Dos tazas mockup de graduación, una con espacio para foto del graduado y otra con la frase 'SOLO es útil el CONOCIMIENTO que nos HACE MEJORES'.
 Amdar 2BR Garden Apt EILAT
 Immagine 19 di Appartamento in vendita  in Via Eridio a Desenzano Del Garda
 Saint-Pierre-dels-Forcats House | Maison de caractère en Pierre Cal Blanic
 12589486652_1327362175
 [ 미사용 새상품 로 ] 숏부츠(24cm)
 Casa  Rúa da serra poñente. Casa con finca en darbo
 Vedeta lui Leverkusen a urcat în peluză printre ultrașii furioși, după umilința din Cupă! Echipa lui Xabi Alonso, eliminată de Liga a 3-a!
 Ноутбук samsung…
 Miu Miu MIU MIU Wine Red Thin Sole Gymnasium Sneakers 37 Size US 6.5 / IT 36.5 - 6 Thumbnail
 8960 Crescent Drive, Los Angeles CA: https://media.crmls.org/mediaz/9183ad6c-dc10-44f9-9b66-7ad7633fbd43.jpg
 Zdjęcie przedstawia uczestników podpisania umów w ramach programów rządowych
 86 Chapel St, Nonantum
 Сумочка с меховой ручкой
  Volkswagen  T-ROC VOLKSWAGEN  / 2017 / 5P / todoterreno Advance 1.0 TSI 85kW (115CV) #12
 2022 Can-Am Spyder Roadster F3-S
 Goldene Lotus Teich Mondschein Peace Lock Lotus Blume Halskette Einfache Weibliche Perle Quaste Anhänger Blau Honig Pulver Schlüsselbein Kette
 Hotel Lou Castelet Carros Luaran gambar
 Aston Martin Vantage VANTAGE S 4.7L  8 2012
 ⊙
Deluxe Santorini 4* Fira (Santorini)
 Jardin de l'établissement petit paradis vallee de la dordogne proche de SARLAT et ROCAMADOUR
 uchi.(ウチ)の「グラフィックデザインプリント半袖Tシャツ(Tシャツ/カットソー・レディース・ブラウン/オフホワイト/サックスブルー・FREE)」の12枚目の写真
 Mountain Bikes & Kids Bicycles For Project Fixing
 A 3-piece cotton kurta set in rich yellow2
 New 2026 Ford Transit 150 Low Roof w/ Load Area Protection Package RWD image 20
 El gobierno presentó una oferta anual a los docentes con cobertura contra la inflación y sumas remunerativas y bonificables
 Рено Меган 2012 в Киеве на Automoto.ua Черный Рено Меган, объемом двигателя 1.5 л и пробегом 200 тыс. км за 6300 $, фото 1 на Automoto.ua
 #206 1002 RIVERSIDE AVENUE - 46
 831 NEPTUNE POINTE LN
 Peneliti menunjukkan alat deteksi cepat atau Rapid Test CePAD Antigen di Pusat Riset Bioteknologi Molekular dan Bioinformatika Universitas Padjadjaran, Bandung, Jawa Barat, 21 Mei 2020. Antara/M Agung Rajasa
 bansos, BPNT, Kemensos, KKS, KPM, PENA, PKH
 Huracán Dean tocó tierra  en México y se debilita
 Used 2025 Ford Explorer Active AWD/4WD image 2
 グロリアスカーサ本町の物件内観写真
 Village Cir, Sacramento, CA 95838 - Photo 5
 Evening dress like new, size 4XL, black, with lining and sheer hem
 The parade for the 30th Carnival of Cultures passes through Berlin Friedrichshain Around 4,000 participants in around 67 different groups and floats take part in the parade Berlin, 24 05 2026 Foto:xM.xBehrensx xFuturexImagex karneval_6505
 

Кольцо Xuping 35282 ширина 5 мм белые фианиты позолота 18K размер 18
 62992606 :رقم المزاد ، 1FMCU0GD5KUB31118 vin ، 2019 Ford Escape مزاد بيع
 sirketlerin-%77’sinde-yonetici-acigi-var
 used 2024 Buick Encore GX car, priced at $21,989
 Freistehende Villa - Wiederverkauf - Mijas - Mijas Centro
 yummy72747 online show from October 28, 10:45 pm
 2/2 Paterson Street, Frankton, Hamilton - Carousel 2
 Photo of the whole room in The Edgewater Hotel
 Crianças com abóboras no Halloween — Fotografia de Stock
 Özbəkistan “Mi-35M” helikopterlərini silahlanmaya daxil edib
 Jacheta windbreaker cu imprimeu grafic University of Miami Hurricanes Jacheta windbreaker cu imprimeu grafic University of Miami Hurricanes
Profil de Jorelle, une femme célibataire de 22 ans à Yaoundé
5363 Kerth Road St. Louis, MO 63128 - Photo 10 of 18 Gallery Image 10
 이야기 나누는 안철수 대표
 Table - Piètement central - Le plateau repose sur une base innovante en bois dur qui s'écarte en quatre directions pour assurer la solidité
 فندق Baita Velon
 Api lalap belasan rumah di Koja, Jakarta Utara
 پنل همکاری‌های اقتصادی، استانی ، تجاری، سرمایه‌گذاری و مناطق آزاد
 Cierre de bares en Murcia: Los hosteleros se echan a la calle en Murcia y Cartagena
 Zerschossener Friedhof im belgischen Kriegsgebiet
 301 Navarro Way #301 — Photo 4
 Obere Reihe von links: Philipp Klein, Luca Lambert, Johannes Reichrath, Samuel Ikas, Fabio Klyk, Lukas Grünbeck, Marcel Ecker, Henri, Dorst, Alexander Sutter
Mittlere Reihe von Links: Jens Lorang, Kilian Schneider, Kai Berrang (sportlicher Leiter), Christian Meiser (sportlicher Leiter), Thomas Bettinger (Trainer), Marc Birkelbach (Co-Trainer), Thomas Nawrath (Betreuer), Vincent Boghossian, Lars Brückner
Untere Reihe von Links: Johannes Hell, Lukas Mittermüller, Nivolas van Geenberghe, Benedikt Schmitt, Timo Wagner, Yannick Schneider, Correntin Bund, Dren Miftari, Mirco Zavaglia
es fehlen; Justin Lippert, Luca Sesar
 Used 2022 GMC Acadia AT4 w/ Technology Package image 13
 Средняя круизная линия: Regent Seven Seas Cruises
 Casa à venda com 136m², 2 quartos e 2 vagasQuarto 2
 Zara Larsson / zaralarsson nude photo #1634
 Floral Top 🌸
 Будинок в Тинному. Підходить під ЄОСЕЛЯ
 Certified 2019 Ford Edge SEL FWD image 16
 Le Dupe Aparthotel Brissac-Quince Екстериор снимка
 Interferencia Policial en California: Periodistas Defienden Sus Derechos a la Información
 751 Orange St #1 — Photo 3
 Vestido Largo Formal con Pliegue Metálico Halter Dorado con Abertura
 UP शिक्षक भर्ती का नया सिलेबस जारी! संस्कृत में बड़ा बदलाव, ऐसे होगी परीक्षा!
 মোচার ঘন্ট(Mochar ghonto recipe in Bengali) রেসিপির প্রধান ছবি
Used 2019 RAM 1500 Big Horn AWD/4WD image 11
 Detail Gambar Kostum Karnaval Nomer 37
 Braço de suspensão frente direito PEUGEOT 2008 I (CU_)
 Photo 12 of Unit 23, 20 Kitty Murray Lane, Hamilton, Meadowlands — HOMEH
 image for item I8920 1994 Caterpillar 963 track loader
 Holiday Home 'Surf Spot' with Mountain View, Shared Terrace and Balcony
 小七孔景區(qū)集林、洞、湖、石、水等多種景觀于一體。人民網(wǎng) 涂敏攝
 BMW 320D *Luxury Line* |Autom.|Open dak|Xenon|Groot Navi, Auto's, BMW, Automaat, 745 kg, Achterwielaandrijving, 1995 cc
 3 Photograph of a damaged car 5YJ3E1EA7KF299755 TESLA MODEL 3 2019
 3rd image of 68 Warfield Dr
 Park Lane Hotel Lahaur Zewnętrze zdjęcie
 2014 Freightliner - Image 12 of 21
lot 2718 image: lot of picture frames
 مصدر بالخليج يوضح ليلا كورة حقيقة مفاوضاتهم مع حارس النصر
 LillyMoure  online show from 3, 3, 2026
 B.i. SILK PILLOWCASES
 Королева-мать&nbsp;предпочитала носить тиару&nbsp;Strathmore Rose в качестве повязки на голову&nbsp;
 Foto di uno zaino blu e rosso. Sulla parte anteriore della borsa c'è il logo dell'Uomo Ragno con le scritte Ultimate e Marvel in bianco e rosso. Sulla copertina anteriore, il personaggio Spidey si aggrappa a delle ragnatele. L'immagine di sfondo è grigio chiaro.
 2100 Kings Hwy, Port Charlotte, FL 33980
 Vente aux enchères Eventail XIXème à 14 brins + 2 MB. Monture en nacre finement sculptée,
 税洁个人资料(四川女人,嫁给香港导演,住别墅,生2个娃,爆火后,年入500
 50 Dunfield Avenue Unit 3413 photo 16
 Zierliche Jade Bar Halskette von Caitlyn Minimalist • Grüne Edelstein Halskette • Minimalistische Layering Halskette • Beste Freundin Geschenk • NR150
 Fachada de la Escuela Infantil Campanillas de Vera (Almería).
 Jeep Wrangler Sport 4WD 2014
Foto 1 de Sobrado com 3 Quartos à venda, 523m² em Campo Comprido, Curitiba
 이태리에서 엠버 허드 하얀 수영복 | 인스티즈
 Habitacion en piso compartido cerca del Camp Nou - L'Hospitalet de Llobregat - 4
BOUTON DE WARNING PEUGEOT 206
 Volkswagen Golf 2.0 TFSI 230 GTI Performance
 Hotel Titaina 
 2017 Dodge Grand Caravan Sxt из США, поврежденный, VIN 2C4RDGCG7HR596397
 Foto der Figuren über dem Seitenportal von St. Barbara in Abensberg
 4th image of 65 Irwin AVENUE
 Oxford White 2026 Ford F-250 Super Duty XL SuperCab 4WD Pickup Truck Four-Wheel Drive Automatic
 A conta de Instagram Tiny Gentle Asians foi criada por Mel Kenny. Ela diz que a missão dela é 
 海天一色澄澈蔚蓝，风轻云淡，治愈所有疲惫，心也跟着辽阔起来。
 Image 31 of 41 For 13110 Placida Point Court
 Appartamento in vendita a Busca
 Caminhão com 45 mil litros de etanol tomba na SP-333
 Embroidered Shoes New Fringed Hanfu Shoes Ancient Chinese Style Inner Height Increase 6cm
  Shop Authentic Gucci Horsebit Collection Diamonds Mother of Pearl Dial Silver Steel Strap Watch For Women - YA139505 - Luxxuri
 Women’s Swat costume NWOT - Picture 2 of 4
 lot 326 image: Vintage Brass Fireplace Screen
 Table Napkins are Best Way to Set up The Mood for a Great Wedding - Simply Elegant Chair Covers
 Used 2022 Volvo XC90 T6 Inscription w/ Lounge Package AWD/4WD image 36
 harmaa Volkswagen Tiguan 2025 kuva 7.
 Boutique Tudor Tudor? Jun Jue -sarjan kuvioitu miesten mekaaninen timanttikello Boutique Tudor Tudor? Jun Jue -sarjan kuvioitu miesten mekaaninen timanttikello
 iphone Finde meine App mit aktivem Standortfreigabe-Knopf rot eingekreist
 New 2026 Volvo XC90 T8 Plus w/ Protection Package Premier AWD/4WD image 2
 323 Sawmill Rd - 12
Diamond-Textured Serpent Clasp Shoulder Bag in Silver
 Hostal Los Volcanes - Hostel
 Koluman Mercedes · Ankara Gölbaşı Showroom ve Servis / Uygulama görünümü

▬▬▬▬▬▬▬▬▬▬

• _Description of the task_:
Working from the data above, extract solely the lines from the one containing "BMW 320D *Luxury" through the one containing "50 Dunfield Avenue Unit 3413 photo 16", exactly as they appear, both included.

• _Answer space_:
 BMW 320D *Luxury Line* |Autom.|Open dak|Xenon|Groot Navi, Auto's, BMW, Automaat, 745 kg, Achterwielaandrijving, 1995 cc
 3 Photograph of a damaged car 5YJ3E1EA7KF299755 TESLA MODEL 3 2019
 3rd image of 68 Warfield Dr
 Park Lane Hotel Lahaur Zewnętrze zdjęcie
 2014 Freightliner - Image 12 of 21
lot 2718 image: lot of picture frames
 مصدر بالخليج يوضح ليلا كورة حقيقة مفاوضاتهم مع حارس النصر
 LillyMoure  online show from 3, 3, 2026
 B.i. SILK PILLOWCASES
 Королева-мать&nbsp;предпочитала носить тиару&nbsp;Strathmore Rose в качестве повязки на голову&nbsp;
 Foto di uno zaino blu e rosso. Sulla parte anteriore della borsa c'è il logo dell'Uomo Ragno con le scritte Ultimate e Marvel in bianco e rosso. Sulla copertina anteriore, il personaggio Spidey si aggrappa a delle ragnatele. L'immagine di sfondo è grigio chiaro.
 2100 Kings Hwy, Port Charlotte, FL 33980
 Vente aux enchères Eventail XIXème à 14 brins + 2 MB. Monture en nacre finement sculptée,
 税洁个人资料(四川女人,嫁给香港导演,住别墅,生2个娃,爆火后,年入500
 50 Dunfield Avenue Unit 3413 photo 16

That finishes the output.